Why am i so sad? Things have turned out not badly and i'm sitting here moping. Apparently, nothing actually happened between P and F. they were arranging things towards the end of his relationship with S, but they wee called off once he'd sorted things out with J. J's happy now. So should i be. But, it seems, i'm not. And my opinion of P seems to be getting gradually worse and worse. Which isn't good as, if all goes well, we'll be going to the same university. I did think about screwing up a teensy bit so i'd go to my second choice university (It's not as if i'll be able to avoid him, we're doing the same subject.) but my chances of getiing the grades for my first choice are precarious enough. And who knows, maybe we'll be really good friends again up thre. I doubt, i doubt very much, he'll have top stop treating me like a child or an alien first, but maybe.

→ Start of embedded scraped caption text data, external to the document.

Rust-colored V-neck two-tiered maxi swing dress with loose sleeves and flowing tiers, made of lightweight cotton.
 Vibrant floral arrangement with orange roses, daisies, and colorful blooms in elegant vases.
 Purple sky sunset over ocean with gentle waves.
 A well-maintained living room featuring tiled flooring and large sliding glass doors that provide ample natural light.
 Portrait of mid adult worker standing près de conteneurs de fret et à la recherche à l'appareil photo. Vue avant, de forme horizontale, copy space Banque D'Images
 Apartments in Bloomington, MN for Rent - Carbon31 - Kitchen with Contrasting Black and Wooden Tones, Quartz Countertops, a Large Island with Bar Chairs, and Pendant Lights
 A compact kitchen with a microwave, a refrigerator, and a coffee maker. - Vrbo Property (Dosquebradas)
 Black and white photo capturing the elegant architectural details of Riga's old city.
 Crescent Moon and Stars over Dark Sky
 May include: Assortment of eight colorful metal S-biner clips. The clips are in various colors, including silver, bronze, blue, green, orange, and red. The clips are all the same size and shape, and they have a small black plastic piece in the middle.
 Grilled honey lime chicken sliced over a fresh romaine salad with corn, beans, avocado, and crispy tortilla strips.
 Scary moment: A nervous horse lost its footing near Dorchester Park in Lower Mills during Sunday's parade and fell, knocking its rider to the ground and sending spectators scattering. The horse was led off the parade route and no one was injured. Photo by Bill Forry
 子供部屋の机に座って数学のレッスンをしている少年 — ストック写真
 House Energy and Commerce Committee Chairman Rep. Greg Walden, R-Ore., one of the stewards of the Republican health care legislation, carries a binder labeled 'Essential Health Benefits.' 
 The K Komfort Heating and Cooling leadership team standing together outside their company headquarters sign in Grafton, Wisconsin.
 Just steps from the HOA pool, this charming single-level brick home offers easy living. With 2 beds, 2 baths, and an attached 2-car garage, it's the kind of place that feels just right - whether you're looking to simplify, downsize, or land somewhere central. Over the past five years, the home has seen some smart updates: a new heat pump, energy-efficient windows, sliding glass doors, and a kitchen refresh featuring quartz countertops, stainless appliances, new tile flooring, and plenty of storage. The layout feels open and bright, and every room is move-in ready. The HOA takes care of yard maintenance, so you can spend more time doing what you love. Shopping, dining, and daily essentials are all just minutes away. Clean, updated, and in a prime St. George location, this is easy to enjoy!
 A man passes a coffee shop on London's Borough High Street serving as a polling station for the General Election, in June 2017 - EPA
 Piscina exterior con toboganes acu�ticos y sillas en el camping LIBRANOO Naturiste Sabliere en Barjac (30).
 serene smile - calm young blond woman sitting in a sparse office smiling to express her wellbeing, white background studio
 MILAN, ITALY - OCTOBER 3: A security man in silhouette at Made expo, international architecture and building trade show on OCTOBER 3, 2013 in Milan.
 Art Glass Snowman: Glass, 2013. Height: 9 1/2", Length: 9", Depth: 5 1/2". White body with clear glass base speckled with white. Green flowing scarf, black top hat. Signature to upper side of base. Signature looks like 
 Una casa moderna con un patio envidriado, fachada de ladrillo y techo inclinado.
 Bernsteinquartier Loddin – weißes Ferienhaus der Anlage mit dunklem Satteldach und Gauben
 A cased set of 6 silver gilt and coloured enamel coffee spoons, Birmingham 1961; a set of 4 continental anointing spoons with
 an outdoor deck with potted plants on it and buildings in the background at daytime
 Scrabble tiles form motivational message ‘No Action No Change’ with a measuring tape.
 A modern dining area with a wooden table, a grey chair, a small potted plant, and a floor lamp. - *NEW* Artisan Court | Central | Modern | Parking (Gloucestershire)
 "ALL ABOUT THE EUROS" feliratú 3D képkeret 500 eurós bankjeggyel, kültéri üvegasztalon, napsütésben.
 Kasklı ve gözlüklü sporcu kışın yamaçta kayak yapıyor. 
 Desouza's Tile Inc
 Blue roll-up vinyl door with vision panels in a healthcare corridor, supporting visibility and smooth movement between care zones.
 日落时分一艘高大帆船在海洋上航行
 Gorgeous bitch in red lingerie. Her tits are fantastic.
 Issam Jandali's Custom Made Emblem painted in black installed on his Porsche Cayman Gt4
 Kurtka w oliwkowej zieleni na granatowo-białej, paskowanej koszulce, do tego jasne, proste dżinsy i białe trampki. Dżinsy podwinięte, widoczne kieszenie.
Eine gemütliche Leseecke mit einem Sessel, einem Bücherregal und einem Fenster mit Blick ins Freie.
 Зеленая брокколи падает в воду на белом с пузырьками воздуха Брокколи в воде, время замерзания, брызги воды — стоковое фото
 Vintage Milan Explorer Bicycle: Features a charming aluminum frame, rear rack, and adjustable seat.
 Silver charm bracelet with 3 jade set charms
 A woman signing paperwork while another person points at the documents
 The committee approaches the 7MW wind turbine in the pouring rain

Perhaps i should make more of an effort, he is going out with my best friend. But i have, i have made an effort, and i just end up angry at the way he talks to me. "I don't understand you", he says it constantly. There's nothing to understand, i'm just a shallow fickle mess. I'm still trying to work out how telling me J can still be my best friend was supposed to help. It's as if, even when he's trying to make me feel better, he still needs to assert that he's the one going out with J. How i can i be friends with someone when i talk about with so much bile, whether or not it's justified.
However, it looks like i am, once again, afraid of losing J. Not for the reasons P thinks, just that if i'm going to keep insulting P to him, and in here, then it's hardly going to make him think better of me. Oh well. If J starts to hate me over this, then so be it. I don't believe he would, and if he does, i don't know enough about him anyway.